### Problem requirements
What is needed is an exact reproduction of the lines in the records below, starting at the line with "Levi's VINTAGE Levi’s" and ending at the line with "Машиноместо, 17 м²", both included, and nothing else; pictures stay out.

### Task inputs
......

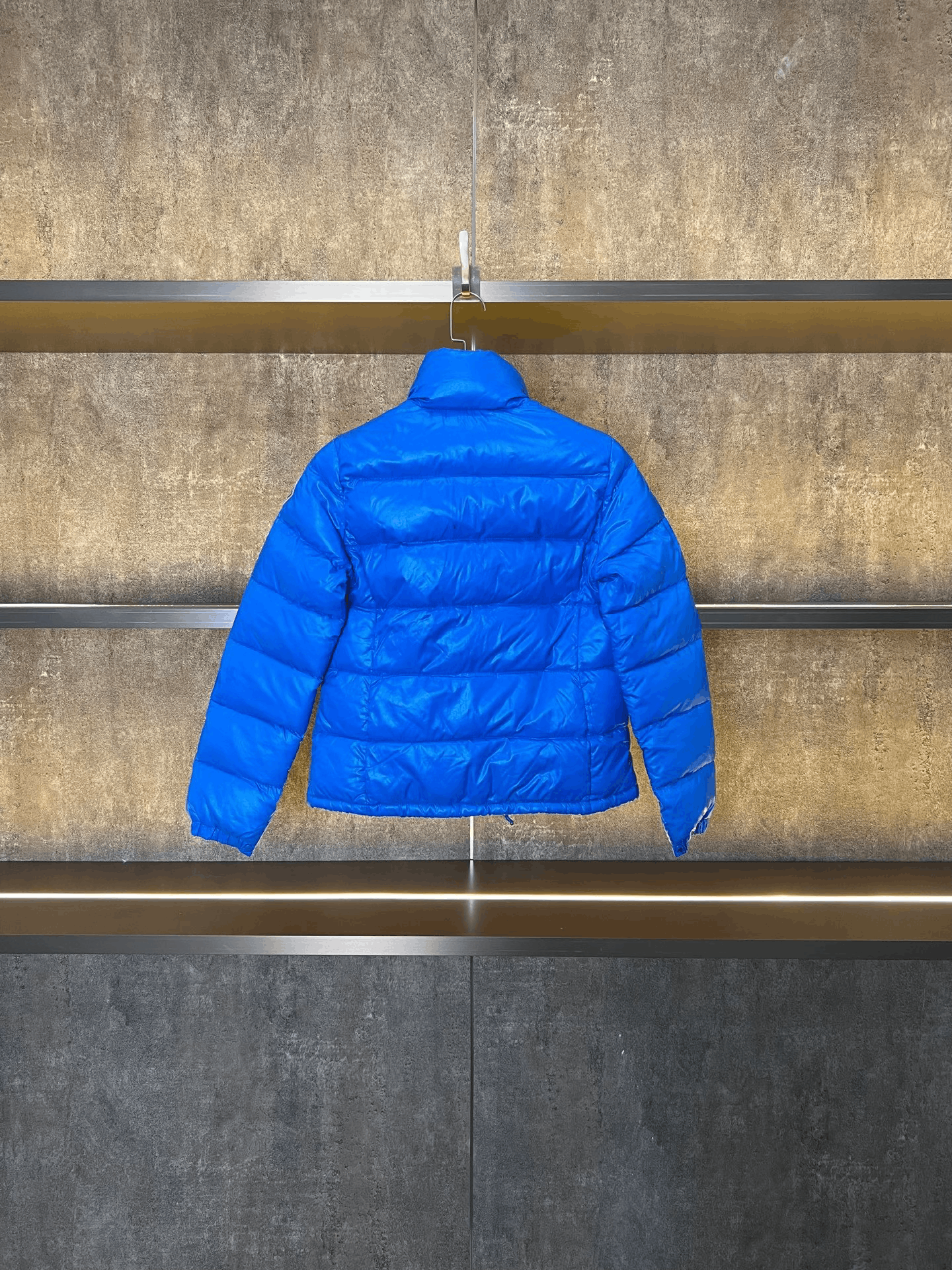 Moncler Moncler Down Down Jacket S Women Size S / US 4 / IT 40 - 2 Thumbnail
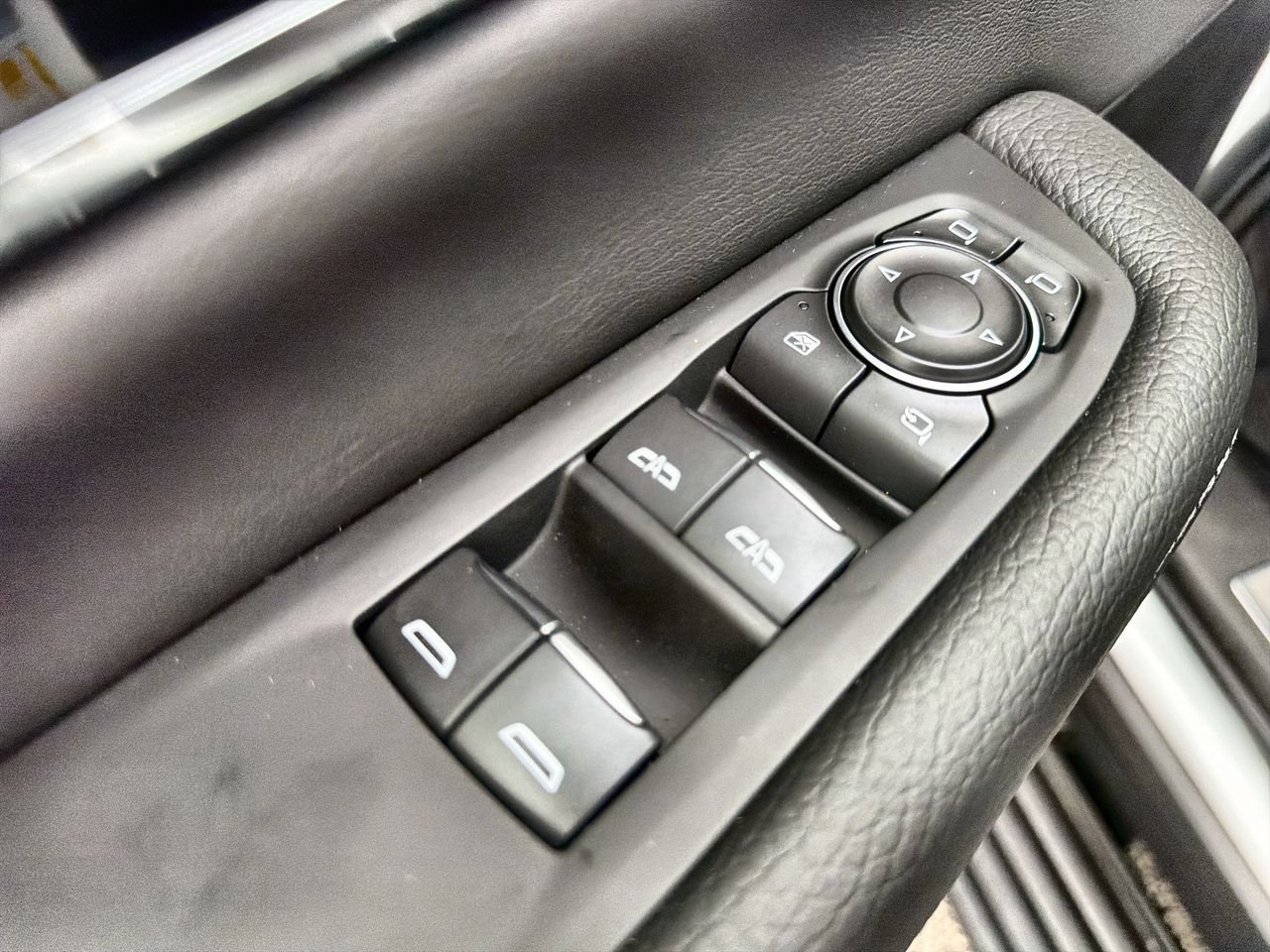 2026 GMC Yukon Denali - Photo 19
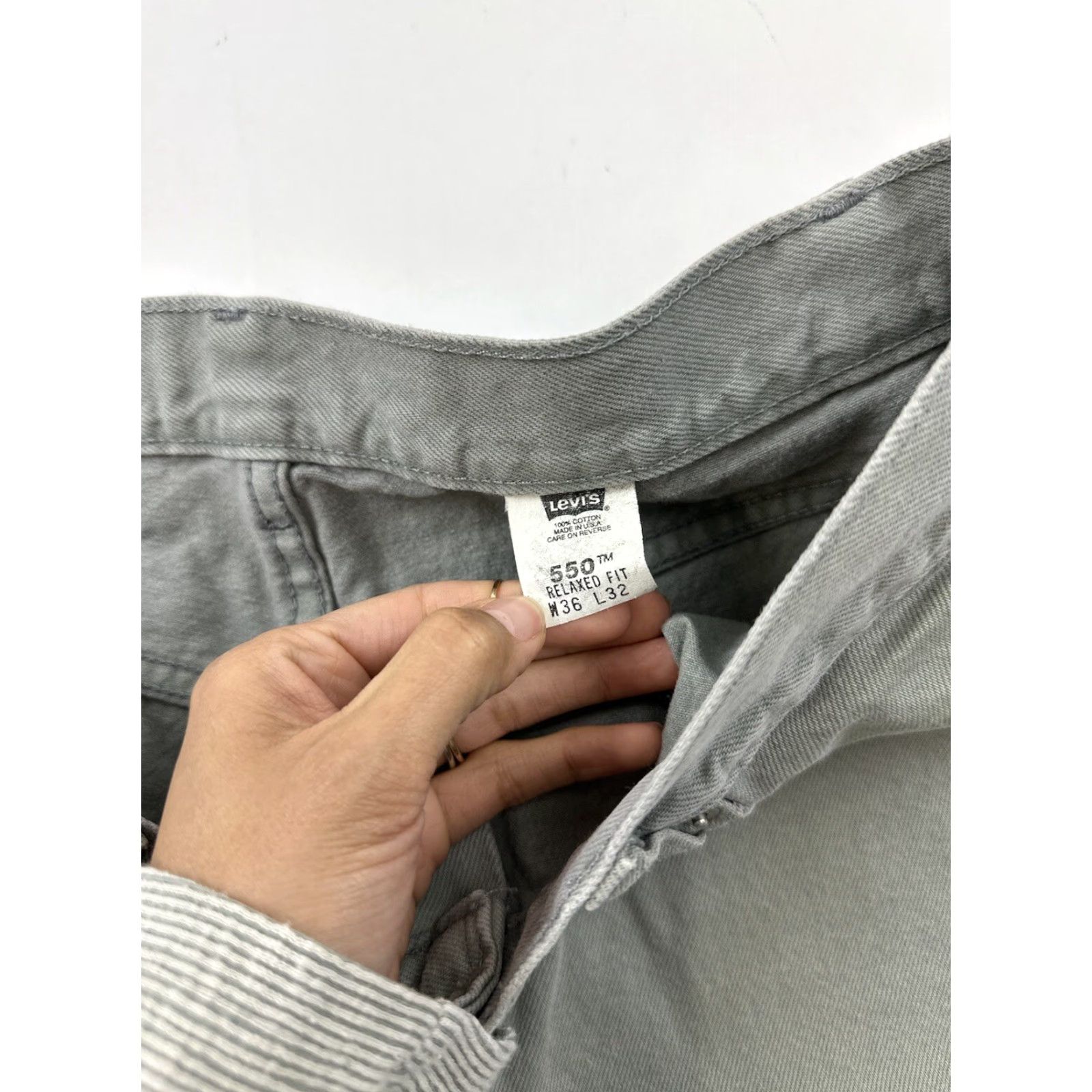 Levi's VINTAGE Levi’s 550 Jeans Men’s 34x32 Green Distressed Paper Tag 100% Cotton Relaxed Tapered 550 Relaxed Men 34-32 Jeans Size US 34 / EU 50 - 6 Thumbnail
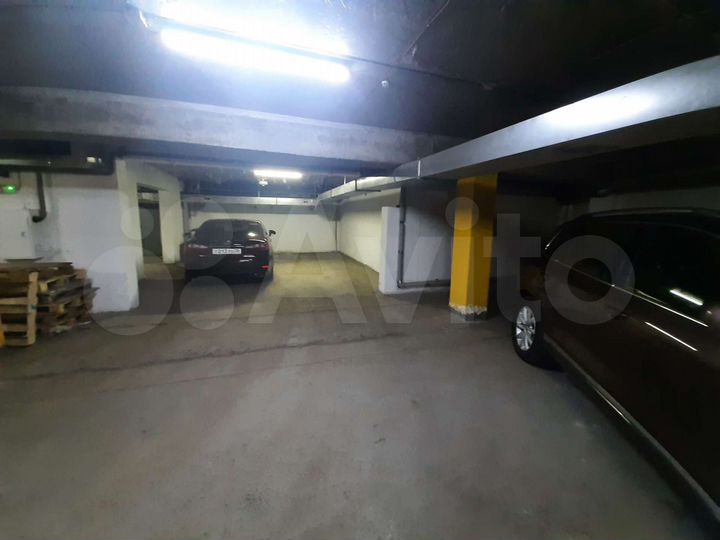 Машиноместо, 17 м²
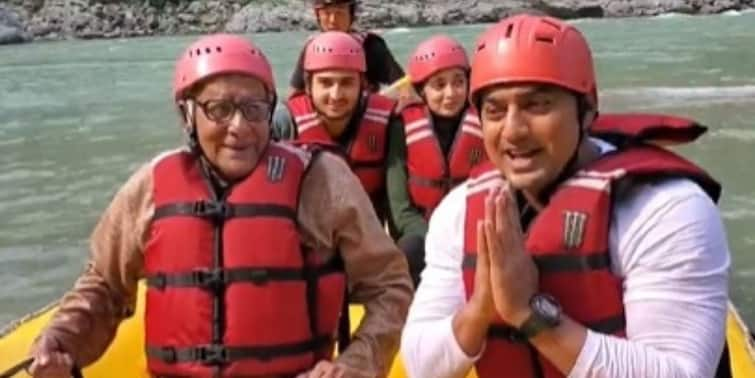 Tonic Update: Dev shares video of post rafting sequence shoot with Paran Bandyopadhyay Tonic Update: 'জিনিয়াস' পরাণ বন্দ্যোপাধ্যায়ের র‍্যাফ্টিং শেষের ভিডিও পোস্ট দেবের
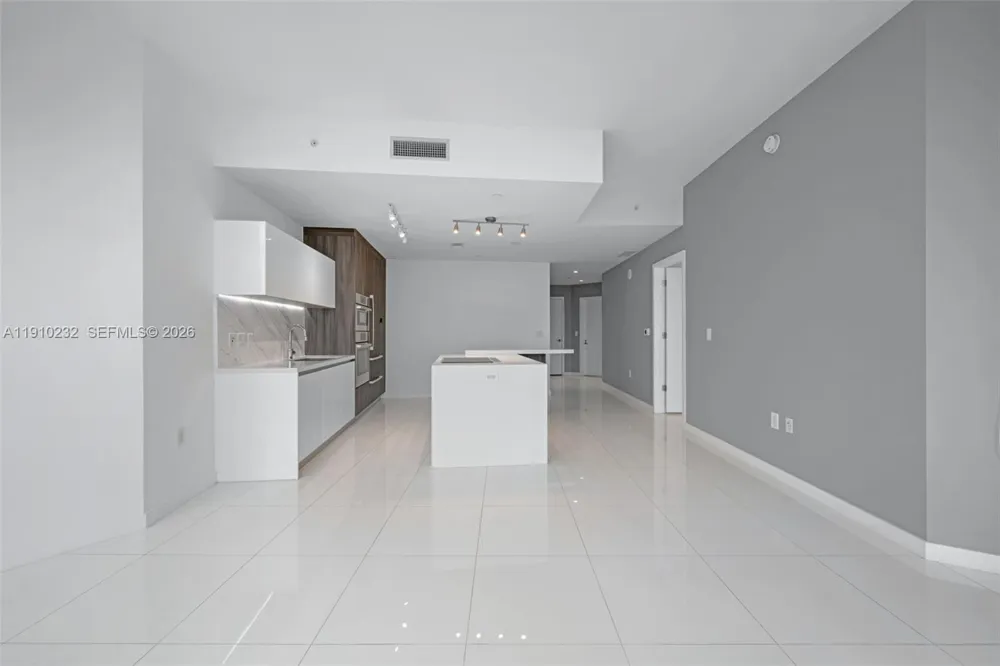 851 NE 1st Ave #4204 Miami, FL 33132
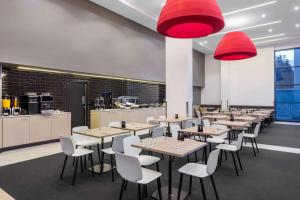 Travelodge Hotel Sydney Airport - Hotel Overview and Location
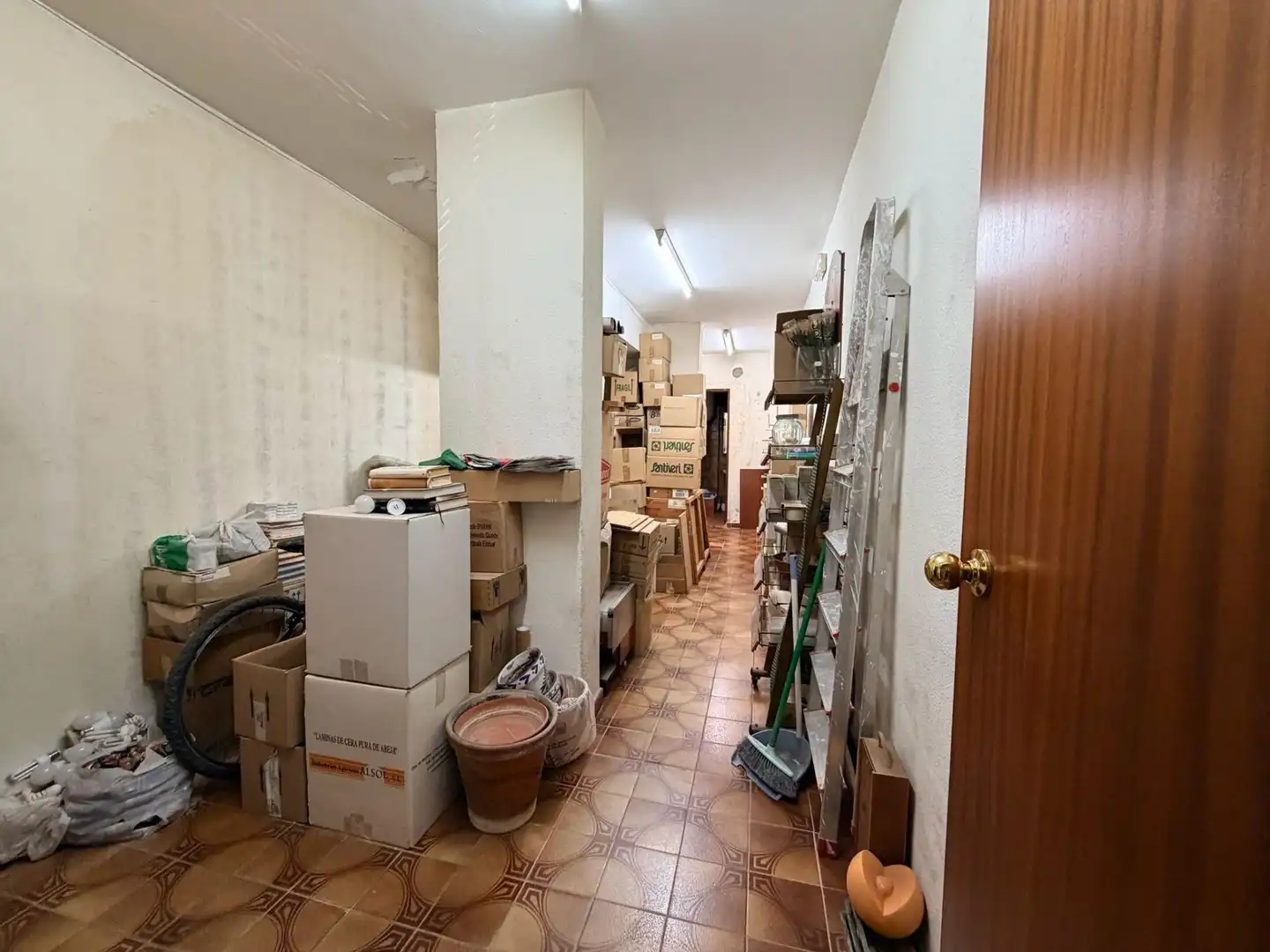Geschaftsraum zum Verkauf in Huelva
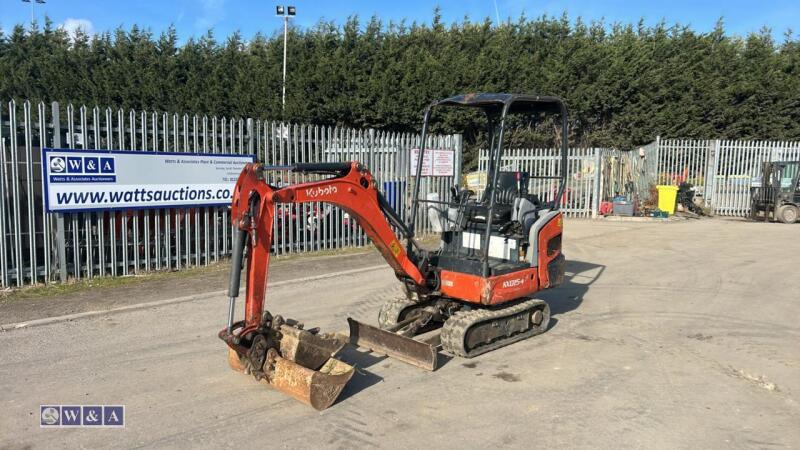 2014 KUBOTA KX15-4 excavator c/w 2 x buckets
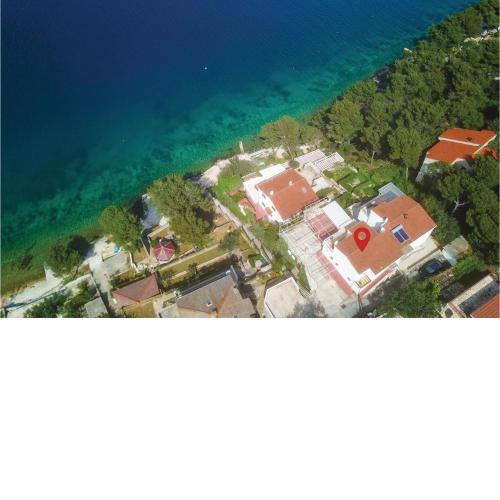 Gorgeous Home In Okrug Donji With House Sea View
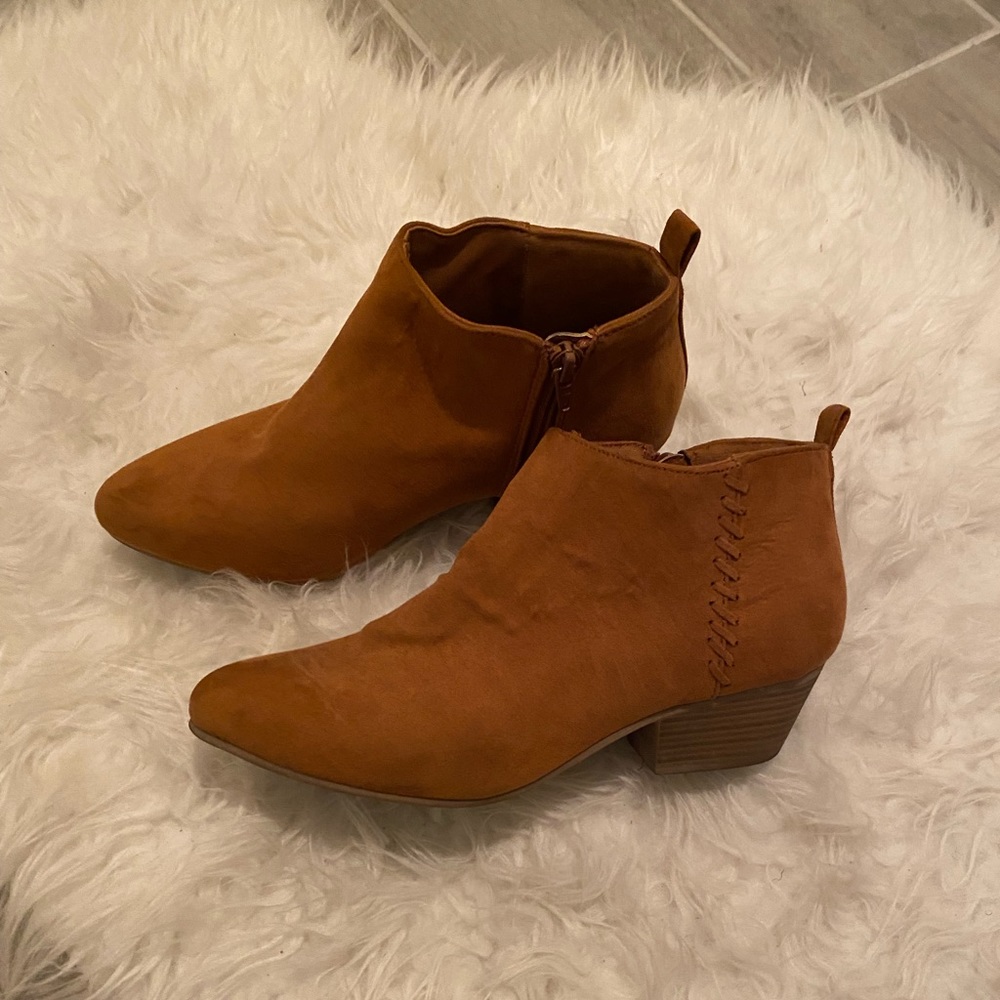 Camel Suede bootie - Size 8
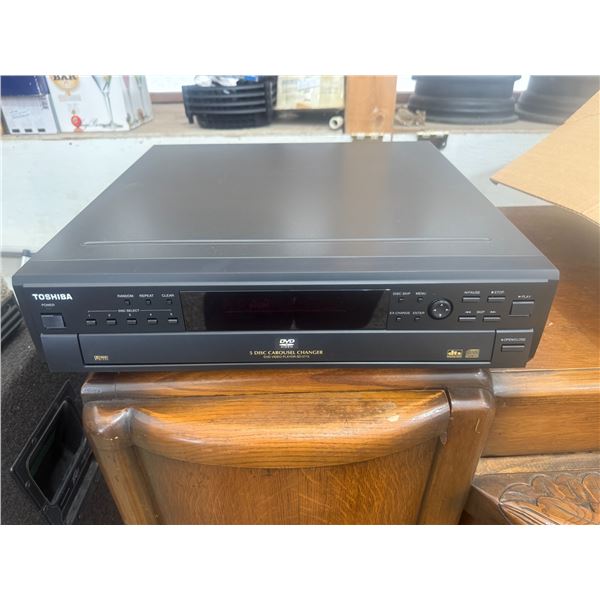Toshiba SD-R270SC 5-Disc Carousel DVD Video Player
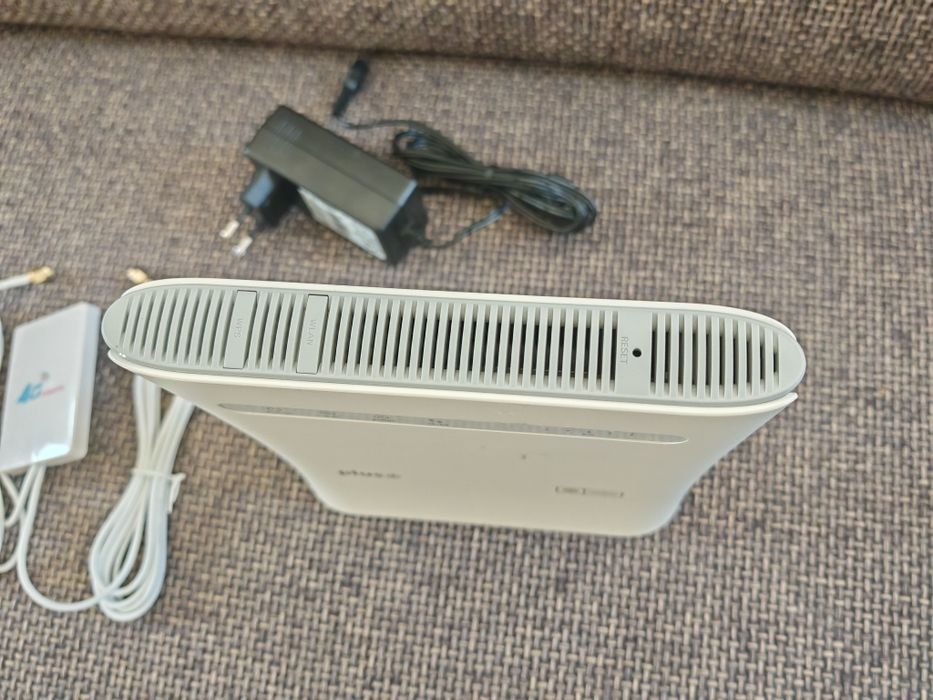 Router ZTE z modemem na kartę SIM dodatkowe anteny internet domowy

......

### Reply to the exercise
 Levi's VINTAGE Levi’s 550 Jeans Men’s 34x32 Green Distressed Paper Tag 100% Cotton Relaxed Tapered 550 Relaxed Men 34-32 Jeans Size US 34 / EU 50 - 6 Thumbnail
 Машиноместо, 17 м²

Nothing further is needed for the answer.